Langstrecke und Viertel-Meile Vennes schnellster Motorradfahrer Hafid Mertins


Venne. Nach der vergangenen Saison bei den Sportbike Masters und den Gaststarts in der deutschen Langstrecken Meisterschaft entschloss sich Hafid Mertins aus Venne, sein Motorrad zu verkaufen und über den Winter ein neues aufzubauen.

„Meine Alte“, wie er liebevoll zu seinem äußerst sportiven Zweirad sagt, war schon recht in die Jahre gekommen. Und um mit den aktuellen Motorrädern mithalten zu können, war immer recht viel Aufwand notwendig, wie der Venner Motorradsportler gesteht.

Da er sich an den Hersteller Yamaha schon ein wenig gebunden fühlte durch die Unterstützung vom MGM-Racing Performance-Team aus Cuxhaven, kam eine Yamaha heraus. Exakt die neue YZF R1, ein neues Spitzenmodel. Die Basis für einen Racing-Umbau ist laut Mertins „wirklich sehr gut“ zur Devise: Fast ready to race. Dabei hat er fast alles geändert. Noch im alten Jahr hatte er das neue Moped aus Österreich geholt und direkt auf die Werkstattbühne gestellt.

Diät für die neue Lady

Oberste Priorität auf der langen „to do Liste“ war erstmal eine Diät für die neue Lady. Strassenverkleidung, Felgen, und Elektronik und das serien ABS wurden getauscht. Außerdem gab es Veränderungen an Lenker, Fuß-Rasten, Luftfilter, Kupplung, Kühlsystem Bremsen und Fahrwerk. Der Motor war auch ausgebaut, um selbst Schrauben gegen leichtere zu ersetzen. „Naja, so kann man seinen Winter auch verbringen“, sagt Mertins lächelnd über sich und seine Leidenschaft. „Durch die Unterstützung der Jungs vom Autoservice am Berg in Venne und der MGM Racing Performance wurde alles recht problemlos gemeistert“.

Fitnesstraining

Viel Fitnesstraining war zwischendurch natürlich auch noch angesagt für den Fahrer. Wie immer vorwiegend radeln und laufen im Venner Wald oder am Mittellandkanal.

Im Frühjahr war er „vorerst fertig“. Die Diät war erfolgreich. Es stehen ein Leergewicht von 160 Kilogramm einer Leistung von über 200 PS gegenüber, was für ihn „schon brutal“ ist und schwer voran geht. Zum Vergleich müsse ein Golf 2000 PS haben, um an so ein Leistungsgewicht zu kommen. Alles eine Frage elektronischer Helfer, traction control, slide control, wheelie control und launch control, die alle individuell einstellbar seien. Dazu kämen noch die „normale Dinge“ wie Geometrie und Fahrwerksabstimmungen.

Moto-Moscow Racingteam

Das erste „roll-out“ war über die Ostertage auf der Moto GP Rennstrecke im italienischen Mugello geplant. Mit dem Moto-Moscow Racingteam, einer Firma seines Vaters in Venne, und Teamkollege Lorenzo Grani ging es in die 1300 Kilometer entfernte Toskana.

Neben drei Tagen mit bestem Wetter und Essen gab es viel Rennsport.
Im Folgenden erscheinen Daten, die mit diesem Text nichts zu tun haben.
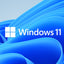 Bootable USB for Windows 11 Home and Professional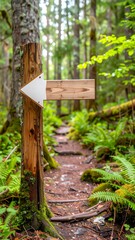 Fototapeta premium Wooden trail marker in a lush forest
Dabei musste Mertins den ersten Tag „echt mit der neuen Strecke und dem Motorrad kämpfen“. Ich dachte ich hab das Fahren verlernt im Winter“. Im ersten Training am zweiten Tag war dann alles wieder gut. Das große Potenzial des Motorrads, das „unglaublich handlich“ sei und der Punch des Motors „gewaltig“. Auf der langen Geraden wurden 306 km/h gemessen – „ganz schön flott, wenn man bedenkt, dass normale Tachos immer gerne 10 bis 15 km/h drauflügen“.

Podestplatz verpasst

Im Training für das Rennen sprang Platz 7 heraus. Das Rennen am letzten Tag lief eigentlich super mit einem tollen Start und Platz 4. Doch statt Ärger über einen verpassten Podestplatz gab es zehn Sekunden Zeitstrafe. „Von wegen guter Start – es war ein Frühstart, naja wieder was gelernt“, resümierte der Venner als Achter unter mehr als 40 Startern.

Die Saisonpläne? Nur ein paar Gaststarts bei den Sportbike Masters und im Hafeneger-Cup, eventuell noch ein Rennen in der Deutschen Langstreckenmeisterschaft, bei gutem Wetter wieder die Viertel-Meile bei den Motodays Damme auf dem Flugplatz. Zusätzlich will er versuchen, „wieder ein paar Jungs von der Landstraße auf die Rennstrecke zu lotsen“. Auch, damit sie auf den Geschmack kommen und sich abseits vom Straßenverkehr gehen lassen können.